Redacción. Las mascarillas se han convertido en parte imprescindible del vestuario de las personas a causa de la pandemia de covid-19.

Sin embargo, pese a su utilidad para reducir el riesgo de contagio, este elemento ha provocado que la gente tenga que enfrentarse al desafío de reconocer a aquellos con los que se cruza en su rutina diaria, con los ojos como el único rasgo para leer las emociones de toda la cara.

Según Antonio Ruiz, experto en neurociencia aplicada e integración biotecnológica, “reconocer los rostros de nuestros semejantes es uno de los estímulos visuales más adaptativos e importantes para la percepción humana. Nos hacen ser más sociales, identificar el grado de confianza del resto y empatizar entendiendo las emociones de los demás”.

En este sentido, un reciente estudio realizado por investigadores de la Universidad Ben-Gurión del Neguev (BGU), en Israel, y de la Universidad de York, en Canadá, revela que la identificación de alguien con una máscara se reduce en un 15 %.

“Esto nos afecta a nivel sociológico y afecta a todas las interacciones humanas. No todas las personas sin patologías tienen las mismas habilidades de reconocimiento facial; ello provoca que el cerebro deba utilizar otros patrones para entender mejor las emociones, reconocer el grado de confianza y autenticidad, así como lo que desean transmitir aquellas personas con las que se interacciona”, explica Ruiz.

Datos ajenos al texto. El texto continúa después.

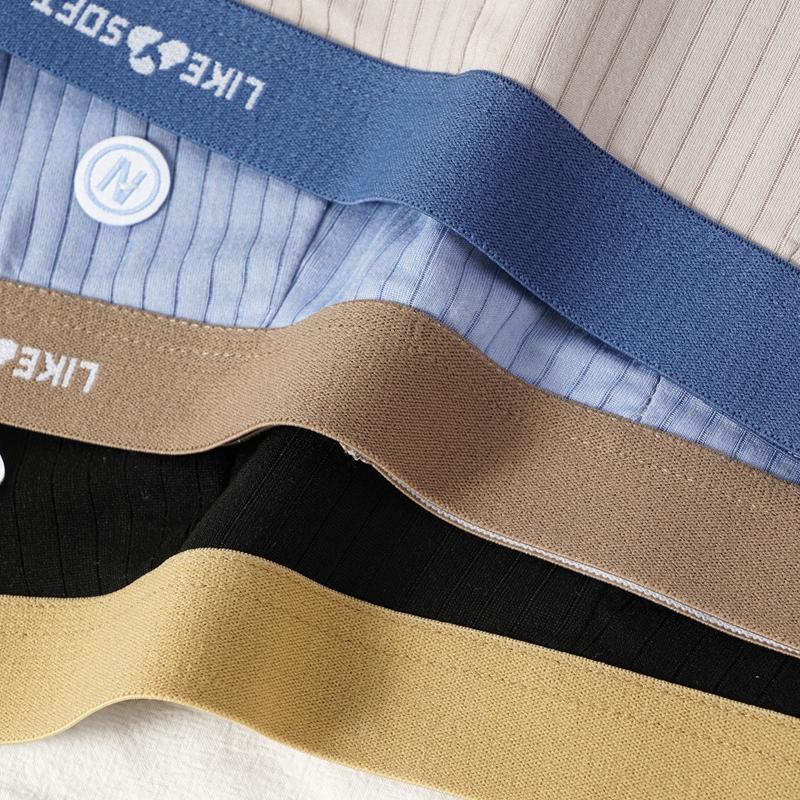 Men's Cotton Boxer Briefs Men's Fashion Printing High Elastic Skin-friendly Cotton Antibacterial Underpants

Para este experto, debemos adaptarnos y entrenar nuestra mente para este nuevo reto. “Ahora nos vemos obligados a entender mejor el lenguaje corporal, a focalizar nuestra mirada en los ojos e interpretar, a través de ellos, la percepción facial completa. Esto ahora genera un esfuerzo mayor en nuestro cerebro”.

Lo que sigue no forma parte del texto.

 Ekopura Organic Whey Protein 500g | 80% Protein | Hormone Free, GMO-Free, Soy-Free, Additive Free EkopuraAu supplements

Cómo afectan las mascarillas a trabajadores de primera línea

Para las empresas cuyos trabajadores realizan sus funciones de cara al público, estableciendo un contacto directo con el cliente, el uso de las mascarillas supone un nuevo reto al que hacer frente. Esto es así, según Ruiz, porque “la experiencia emocional que generan en sus clientes está, en gran medida, provocada por el personal que trata con ellos”.

“Clínicas, restaurantes, supermercados o tiendas de ropa… todos tienen a su personal con mascarillas, por lo que el esfuerzo para empatizar y generar emociones positivas a sus clientes se convierte en un esfuerzo aún mayor”, añade.

Con el fin de que este tipo de empresas mejoren su comunicación con el cliente y puedan transmitir mejor sus mensajes, Ruiz recomienda seguir unas pautas básicas, como incrementar nuestro lenguaje no verbal, vocalizar mejor a la hora de hablar, mirar a nuestro interlocutor más a los ojos, reducir el uso del móvil cuando se esté en un entorno de varias personas, ser más precisos en la comunicación, ser más expresivos al sonreír, ya que no se nos ve la boca, y verbalizar más nuestras emociones.